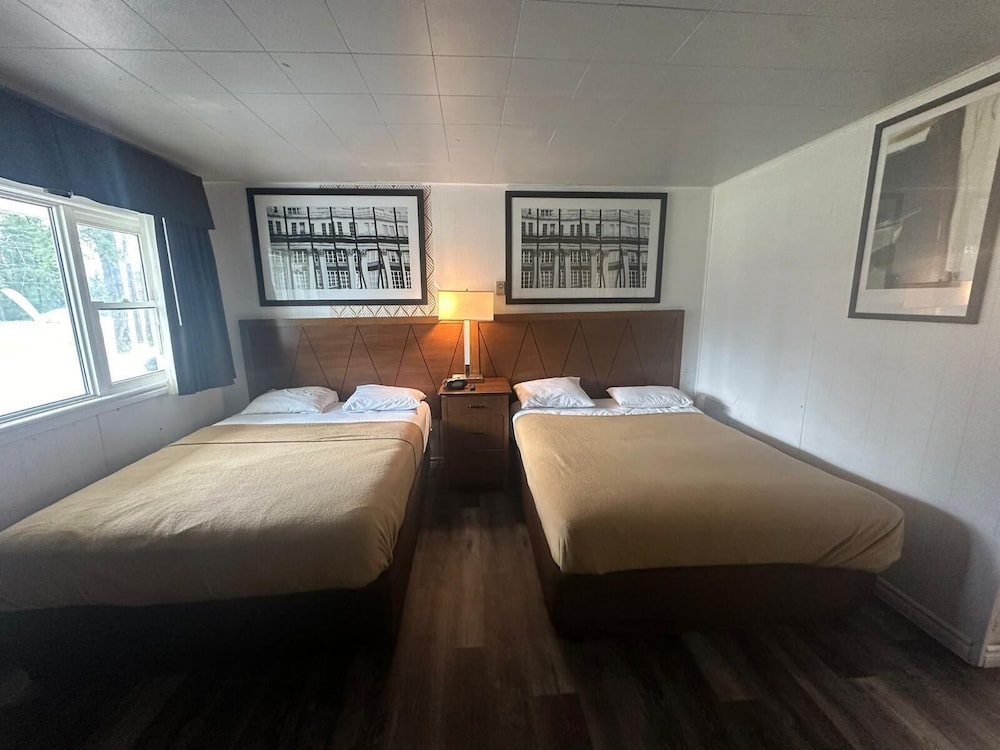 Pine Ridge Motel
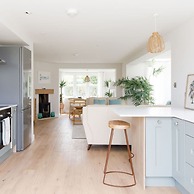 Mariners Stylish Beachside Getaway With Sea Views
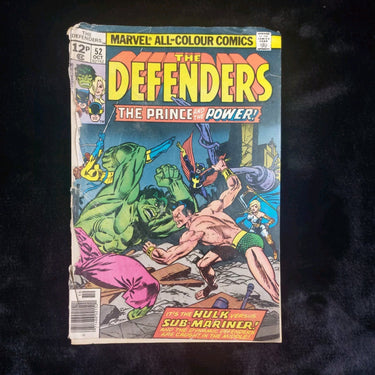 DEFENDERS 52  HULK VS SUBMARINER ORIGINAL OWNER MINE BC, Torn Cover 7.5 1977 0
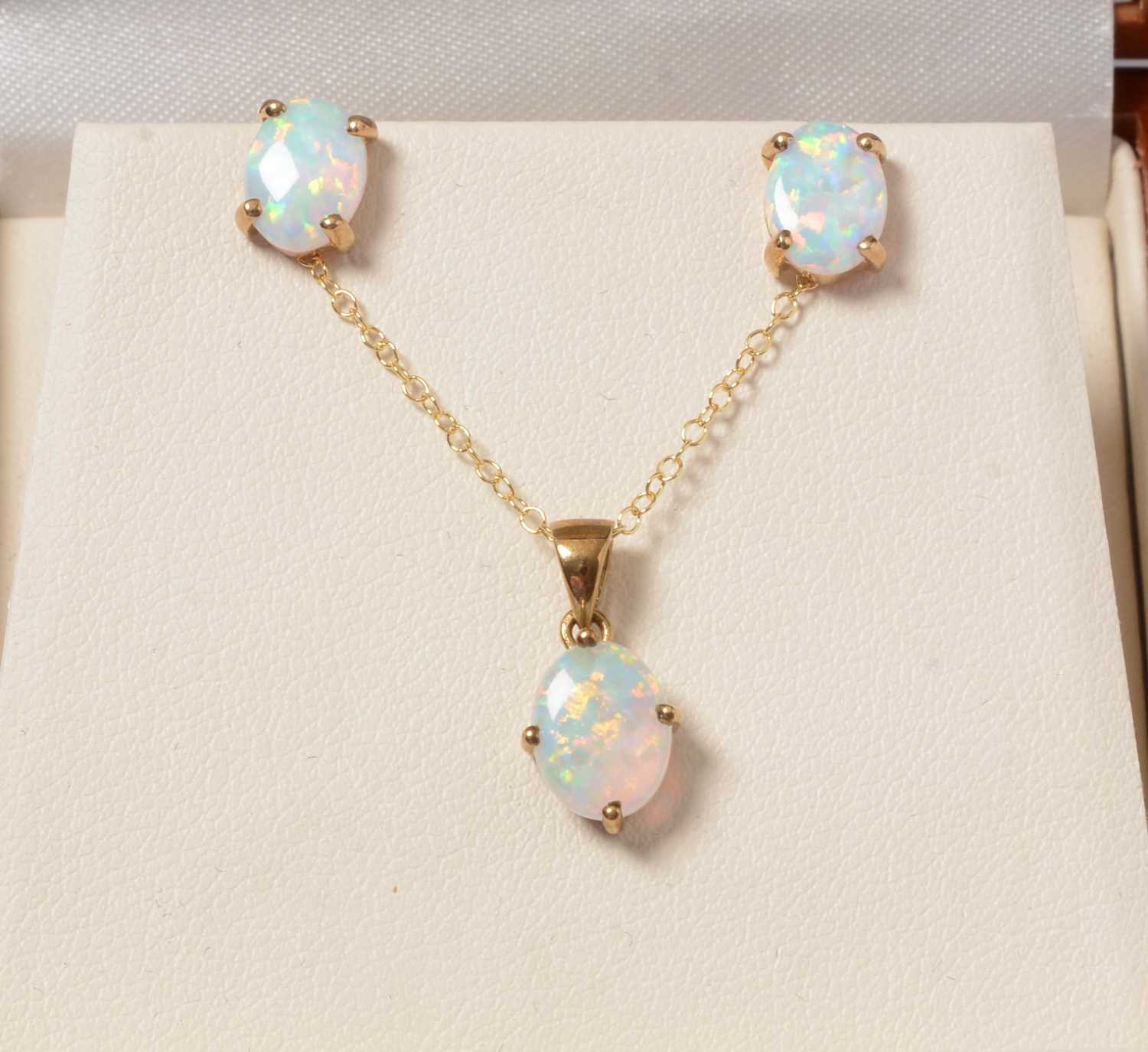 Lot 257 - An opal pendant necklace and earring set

* Activity: From the line that contains "Cover 7.5 1977 0" to the end of the listing, give every line again exactly as written. Leave the pictures out.

* Answer to this task:
 DEFENDERS 52  HULK VS SUBMARINER ORIGINAL OWNER MINE BC, Torn Cover 7.5 1977 0
 Lot 257 - An opal pendant necklace and earring set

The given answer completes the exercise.